Logo used from 1991 to 1997

- 14 January – The American sitcom The Fresh Prince of Bel-Air airs in the UK for the first time, making its debut on BBC2 as part of the DEF II programming strand.
- 18 January – BBC2 airs a special edition of Arena in which playwright Arthur Miller meets ANC leader Nelson Mandela. In the film, Mandela talks for the first time about his life and experiences from a personal standpoint.
- 12 February – A year after the release of Nelson Mandela from prison, BBC2 airs an edition of its Assignment documentary strand in which journalist Donald Woods returns to South Africa to give his personal assessment of that country's future.
- 15 February – The BBC2 'TWO' ident appears for the final time after nearly five years in use.
- 16 February – BBC1 and BBC2 receive new idents, both generated from laserdisc and featuring the BBC corporate logo introduced in 1988. BBC1 features a numeral '1' encased in a globe and BBC2 features eleven idents based around a numeral '2'.
- 18 June – BBC2 airs the concluding episode of David Lynch's offbeat drama, Twin Peaks.
- 20 June – An edition of BBC2's The Late Show is the final programme to be broadcast from the BBC's Lime Grove Studios.
- 30 July – British debut of the Australian series for pre-schoolers Johnson and Friends on BBC2.
- 26 August – BBC2 airs a day of programmes paying tribute to the Lime Grove Studios which includes a remake of the 1950s soap opera The Grove Family featuring stars from the present day.
- 17 September – The comedy series Bottom, starring Rik Mayall and Adrian Edmondson, makes its debut on BBC2.
- 20 September – BBC2 begins a rerun of Gerry Anderson's 1960s series Thunderbirds. The classic show proves to be popular, leading to a shortage of Tracy Island toys in stores during the run up to Christmas 1991, something that prompts the children's series, Blue Peter to show viewers and their parents how to make their own Tracy Island model. An instruction sheet produced by the programme receives more than 100,000 requests.
- 21 December – BBC2 airs A Perfect Christmas, featuring the best of Christmas programming from the BBC archives. Shows include festive episodes of The Flower Pot Men, Dr. Finlay's Casebook and the 1986 Christmas Day episodes of EastEnders.

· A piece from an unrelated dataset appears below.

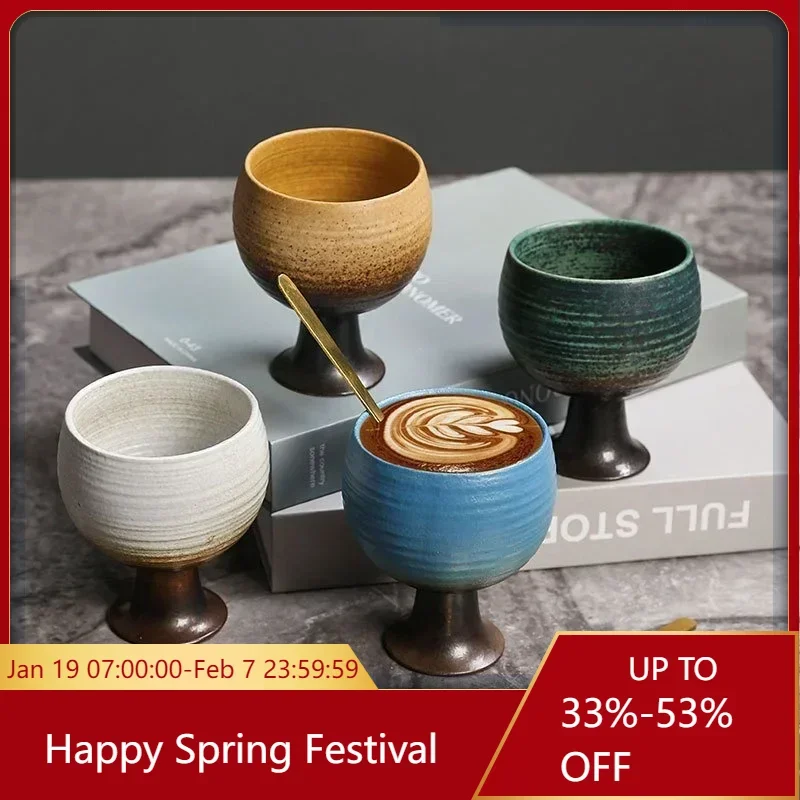 Coarse Pottery Coffee Cup Retro Style Dessert Yogurt with Spoon Goblet Leisure Afternoon Tea Desktop Decoration Ceramic Cup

- 28 December – BBC2 airs Hail! Hail! Rock 'n' Roll, Taylor Hackford's acclaimed documentary celebrating Chuck Berry's 60th birthday with footage of two concerts from 1986.

===1992===
- 4 January – BBC2 airs Freddie Mercury: a Tribute, a special programme introduced by Elton John that celebrates the life and work of Freddie Mercury who died in November 1991.
- 21 January – BBC Select launches overnight on BBC1 and BBC2 as a subscription service showing specialist programmes for professionals including businessmen, lawyers, teachers and nurses. The service ends in 1995.

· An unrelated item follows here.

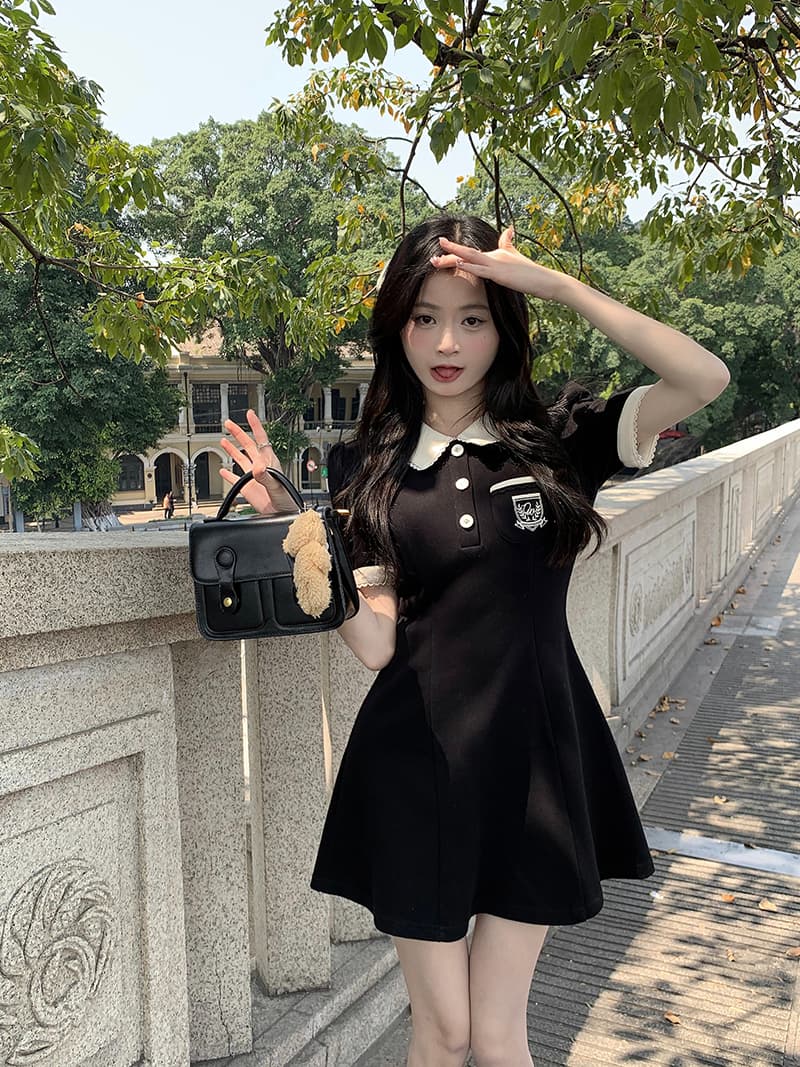 여름 새로운 디자인 센스 패션 POLO 칼라 반팔 여성 드레스 몸매 가꾸기 슬림해 보이는 a 어린이 치마 그는 벤 바람 미니 스커트 이미지 4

- 20 April – The Freddie Mercury Tribute Concert for AIDS Awareness, an open-air concert in tribute to the late Freddie Mercury, is held at London's Wembley Stadium. The concert airs on BBC2 in the UK and is televised worldwide.
- 31 August – BBC2 spends the evening in TV Hell.

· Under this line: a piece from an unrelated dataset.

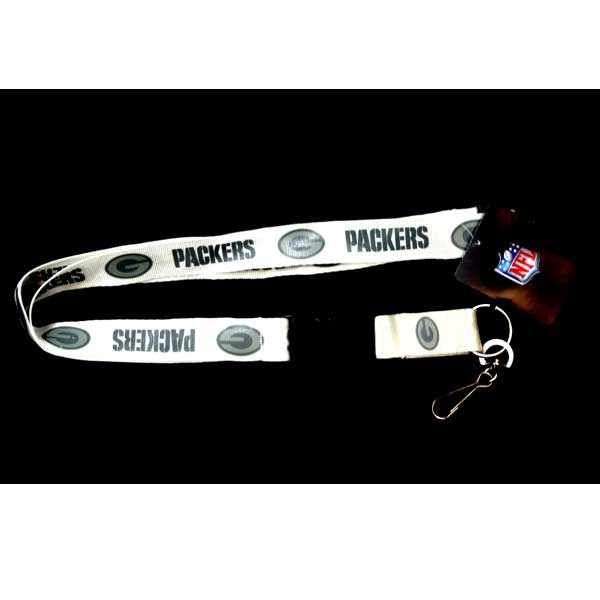 Green Bay Packers Lanyards - White Glacier Style - 6 For $18.00 - Wholesale Green Bay Packers Products - Packers Merchandise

- 8 October – BBC2 airs the first edition of Later... with Jools Holland. Artists and groups that featured are The Neville Brothers, The Christians, Nu Colours and D'Influence.
- 12 November – The first episode of Absolutely Fabulous, a sitcom written by and starring Jennifer Saunders, airs on BBC2. The series also features Joanna Lumley, Julia Sawalha, Jane Horrocks and June Whitfield. Subsequent series would air on BBC1.
- 28 December – As part of a theme night devoted to (rival) broadcaster Granada Television, BBC2 airs the first new edition of University Challenge in five years. The programme returns for a full series two years later, presented by Jeremy Paxman.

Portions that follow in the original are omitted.